Problem to work on: When you reach the line with "Detenidos por robar" in the data below, begin printing lines exactly, and stop once the line with "FAUTEUIL REGLABLE POUR" has been printed.

*** Data supplied

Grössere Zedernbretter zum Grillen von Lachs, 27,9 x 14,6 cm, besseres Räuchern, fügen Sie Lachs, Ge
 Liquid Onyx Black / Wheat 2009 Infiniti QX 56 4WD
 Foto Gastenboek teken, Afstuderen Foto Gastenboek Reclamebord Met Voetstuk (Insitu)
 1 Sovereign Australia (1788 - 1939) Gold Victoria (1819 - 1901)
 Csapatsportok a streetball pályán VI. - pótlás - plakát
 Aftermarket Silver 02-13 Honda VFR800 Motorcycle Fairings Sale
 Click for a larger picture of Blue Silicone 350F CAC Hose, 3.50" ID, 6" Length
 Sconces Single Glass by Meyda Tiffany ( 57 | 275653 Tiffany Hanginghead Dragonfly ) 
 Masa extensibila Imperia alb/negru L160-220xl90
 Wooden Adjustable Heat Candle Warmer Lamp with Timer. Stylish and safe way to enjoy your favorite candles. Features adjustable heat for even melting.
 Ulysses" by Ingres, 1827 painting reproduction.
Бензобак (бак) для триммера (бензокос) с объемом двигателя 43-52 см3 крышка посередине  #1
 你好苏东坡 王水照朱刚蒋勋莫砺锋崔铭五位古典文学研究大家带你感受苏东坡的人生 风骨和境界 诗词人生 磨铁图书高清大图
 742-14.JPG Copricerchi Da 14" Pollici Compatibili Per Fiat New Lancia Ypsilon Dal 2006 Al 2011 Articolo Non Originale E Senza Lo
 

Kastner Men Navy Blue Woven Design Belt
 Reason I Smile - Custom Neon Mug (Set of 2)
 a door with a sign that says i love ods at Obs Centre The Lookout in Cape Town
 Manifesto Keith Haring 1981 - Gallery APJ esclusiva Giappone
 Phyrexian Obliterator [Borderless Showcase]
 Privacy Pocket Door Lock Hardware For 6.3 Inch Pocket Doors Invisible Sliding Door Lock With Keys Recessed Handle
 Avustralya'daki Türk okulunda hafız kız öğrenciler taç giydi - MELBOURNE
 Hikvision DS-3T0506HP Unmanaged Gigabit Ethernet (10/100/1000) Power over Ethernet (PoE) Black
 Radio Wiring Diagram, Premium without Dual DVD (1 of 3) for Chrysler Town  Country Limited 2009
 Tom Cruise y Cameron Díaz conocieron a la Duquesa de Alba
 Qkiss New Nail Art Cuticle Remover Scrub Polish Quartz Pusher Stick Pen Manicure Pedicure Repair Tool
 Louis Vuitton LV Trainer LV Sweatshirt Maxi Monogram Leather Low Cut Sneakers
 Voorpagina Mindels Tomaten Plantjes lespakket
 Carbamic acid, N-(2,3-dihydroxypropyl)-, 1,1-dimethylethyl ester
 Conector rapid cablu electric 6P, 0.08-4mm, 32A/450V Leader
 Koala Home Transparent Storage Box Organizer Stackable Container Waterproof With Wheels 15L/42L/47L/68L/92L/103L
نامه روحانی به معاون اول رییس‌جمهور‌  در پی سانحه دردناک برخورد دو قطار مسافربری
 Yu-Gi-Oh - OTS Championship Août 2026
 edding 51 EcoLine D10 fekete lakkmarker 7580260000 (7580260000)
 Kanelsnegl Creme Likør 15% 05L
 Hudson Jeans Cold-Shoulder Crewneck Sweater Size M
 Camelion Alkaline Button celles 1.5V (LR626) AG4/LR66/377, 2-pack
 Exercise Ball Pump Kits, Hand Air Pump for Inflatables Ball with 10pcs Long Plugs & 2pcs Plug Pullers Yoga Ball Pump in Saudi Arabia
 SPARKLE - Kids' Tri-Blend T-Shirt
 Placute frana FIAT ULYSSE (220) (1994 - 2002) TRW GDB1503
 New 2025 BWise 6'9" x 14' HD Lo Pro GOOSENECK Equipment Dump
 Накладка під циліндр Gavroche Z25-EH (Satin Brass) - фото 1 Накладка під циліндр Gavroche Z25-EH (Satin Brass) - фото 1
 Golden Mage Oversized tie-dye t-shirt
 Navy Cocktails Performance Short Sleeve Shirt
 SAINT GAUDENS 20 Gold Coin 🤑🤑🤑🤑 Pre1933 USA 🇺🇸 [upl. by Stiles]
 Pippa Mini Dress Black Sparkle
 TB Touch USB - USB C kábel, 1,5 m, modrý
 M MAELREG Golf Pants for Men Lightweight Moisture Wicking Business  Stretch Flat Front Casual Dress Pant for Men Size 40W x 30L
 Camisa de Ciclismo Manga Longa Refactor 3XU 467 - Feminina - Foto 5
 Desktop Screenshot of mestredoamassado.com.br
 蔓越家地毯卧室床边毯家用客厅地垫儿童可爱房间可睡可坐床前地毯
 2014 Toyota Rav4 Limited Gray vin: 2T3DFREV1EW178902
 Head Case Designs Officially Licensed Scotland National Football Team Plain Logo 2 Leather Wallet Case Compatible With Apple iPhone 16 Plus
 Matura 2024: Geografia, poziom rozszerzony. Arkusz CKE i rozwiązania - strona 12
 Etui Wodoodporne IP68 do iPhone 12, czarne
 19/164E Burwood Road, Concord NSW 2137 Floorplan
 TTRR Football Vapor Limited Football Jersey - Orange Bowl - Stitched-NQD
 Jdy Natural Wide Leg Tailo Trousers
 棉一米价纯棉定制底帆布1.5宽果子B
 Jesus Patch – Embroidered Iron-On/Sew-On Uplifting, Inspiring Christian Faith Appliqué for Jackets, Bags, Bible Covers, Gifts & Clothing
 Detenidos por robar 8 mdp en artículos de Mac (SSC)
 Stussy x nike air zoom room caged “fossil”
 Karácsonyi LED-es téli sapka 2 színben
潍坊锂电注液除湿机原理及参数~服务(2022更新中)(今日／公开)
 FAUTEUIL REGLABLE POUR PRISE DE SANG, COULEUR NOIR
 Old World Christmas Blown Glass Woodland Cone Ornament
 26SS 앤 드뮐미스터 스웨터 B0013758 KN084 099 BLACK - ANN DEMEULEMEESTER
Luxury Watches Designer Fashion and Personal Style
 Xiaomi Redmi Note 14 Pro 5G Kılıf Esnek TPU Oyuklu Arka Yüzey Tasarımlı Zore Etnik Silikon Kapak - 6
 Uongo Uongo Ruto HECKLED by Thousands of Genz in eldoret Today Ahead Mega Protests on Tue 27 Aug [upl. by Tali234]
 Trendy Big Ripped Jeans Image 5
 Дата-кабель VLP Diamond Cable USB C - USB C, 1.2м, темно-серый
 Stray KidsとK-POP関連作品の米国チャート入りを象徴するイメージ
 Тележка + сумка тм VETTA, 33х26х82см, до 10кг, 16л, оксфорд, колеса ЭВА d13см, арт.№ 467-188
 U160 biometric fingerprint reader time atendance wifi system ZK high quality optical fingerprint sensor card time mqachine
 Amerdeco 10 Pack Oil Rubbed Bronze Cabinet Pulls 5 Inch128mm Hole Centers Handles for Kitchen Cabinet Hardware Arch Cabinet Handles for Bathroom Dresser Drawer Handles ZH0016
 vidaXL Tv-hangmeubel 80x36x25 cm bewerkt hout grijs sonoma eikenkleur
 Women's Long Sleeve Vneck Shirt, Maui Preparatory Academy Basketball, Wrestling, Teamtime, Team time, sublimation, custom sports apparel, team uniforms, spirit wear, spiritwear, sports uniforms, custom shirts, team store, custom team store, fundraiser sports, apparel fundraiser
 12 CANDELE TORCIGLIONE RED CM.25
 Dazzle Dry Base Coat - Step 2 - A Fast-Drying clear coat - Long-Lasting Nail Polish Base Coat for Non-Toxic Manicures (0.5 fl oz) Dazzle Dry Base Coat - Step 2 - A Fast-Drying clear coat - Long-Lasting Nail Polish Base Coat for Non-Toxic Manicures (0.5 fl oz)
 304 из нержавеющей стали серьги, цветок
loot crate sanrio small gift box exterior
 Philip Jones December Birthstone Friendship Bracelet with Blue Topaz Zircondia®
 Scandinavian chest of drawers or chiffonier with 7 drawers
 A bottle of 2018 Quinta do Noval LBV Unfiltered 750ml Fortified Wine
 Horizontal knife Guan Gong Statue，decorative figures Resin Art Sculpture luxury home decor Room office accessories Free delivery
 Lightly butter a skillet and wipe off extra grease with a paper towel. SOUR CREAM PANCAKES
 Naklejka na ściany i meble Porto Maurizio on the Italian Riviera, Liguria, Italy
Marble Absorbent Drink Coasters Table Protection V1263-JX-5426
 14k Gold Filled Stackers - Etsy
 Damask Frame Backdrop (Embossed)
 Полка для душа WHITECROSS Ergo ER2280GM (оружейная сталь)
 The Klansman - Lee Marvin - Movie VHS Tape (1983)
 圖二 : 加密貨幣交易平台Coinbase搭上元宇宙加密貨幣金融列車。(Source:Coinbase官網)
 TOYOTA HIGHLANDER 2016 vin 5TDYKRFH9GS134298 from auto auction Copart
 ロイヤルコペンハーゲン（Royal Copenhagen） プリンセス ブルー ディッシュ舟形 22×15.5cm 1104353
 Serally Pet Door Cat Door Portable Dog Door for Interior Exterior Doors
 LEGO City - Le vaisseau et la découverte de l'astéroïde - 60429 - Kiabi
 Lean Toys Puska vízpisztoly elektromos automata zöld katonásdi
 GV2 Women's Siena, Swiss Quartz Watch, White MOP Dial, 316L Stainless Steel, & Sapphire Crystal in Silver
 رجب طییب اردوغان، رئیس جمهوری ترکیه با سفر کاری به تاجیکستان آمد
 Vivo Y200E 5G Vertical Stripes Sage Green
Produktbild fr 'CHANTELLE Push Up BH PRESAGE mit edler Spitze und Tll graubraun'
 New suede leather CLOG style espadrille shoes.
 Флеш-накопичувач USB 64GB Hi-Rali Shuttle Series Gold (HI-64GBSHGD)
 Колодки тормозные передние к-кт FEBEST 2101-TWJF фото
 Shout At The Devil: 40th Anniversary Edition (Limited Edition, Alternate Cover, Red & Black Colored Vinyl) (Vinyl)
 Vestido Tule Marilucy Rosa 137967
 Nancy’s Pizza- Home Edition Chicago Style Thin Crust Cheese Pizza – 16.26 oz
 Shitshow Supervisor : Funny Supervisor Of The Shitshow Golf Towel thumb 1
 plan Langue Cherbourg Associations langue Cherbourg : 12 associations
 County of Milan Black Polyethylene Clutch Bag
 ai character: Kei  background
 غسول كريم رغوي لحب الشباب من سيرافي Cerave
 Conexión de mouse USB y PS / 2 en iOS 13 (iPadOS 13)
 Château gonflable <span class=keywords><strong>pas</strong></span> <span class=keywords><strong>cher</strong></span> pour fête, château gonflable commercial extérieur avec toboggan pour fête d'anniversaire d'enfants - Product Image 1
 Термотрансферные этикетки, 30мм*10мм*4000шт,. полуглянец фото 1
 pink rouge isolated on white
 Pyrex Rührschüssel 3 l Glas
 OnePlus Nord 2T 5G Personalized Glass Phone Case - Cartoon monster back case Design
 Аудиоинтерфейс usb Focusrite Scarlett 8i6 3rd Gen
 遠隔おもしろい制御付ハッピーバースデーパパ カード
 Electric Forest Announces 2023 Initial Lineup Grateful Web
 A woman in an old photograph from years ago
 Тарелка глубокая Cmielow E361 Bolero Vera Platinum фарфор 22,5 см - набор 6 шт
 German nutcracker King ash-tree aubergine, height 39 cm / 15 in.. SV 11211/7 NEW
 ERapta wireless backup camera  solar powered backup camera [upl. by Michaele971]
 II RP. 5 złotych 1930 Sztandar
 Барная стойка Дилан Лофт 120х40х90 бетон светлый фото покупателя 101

******

Answer for this exercise:
 Detenidos por robar 8 mdp en artículos de Mac (SSC)
 Stussy x nike air zoom room caged “fossil”
 Karácsonyi LED-es téli sapka 2 színben
潍坊锂电注液除湿机原理及参数~服务(2022更新中)(今日／公开)
 FAUTEUIL REGLABLE POUR PRISE DE SANG, COULEUR NOIR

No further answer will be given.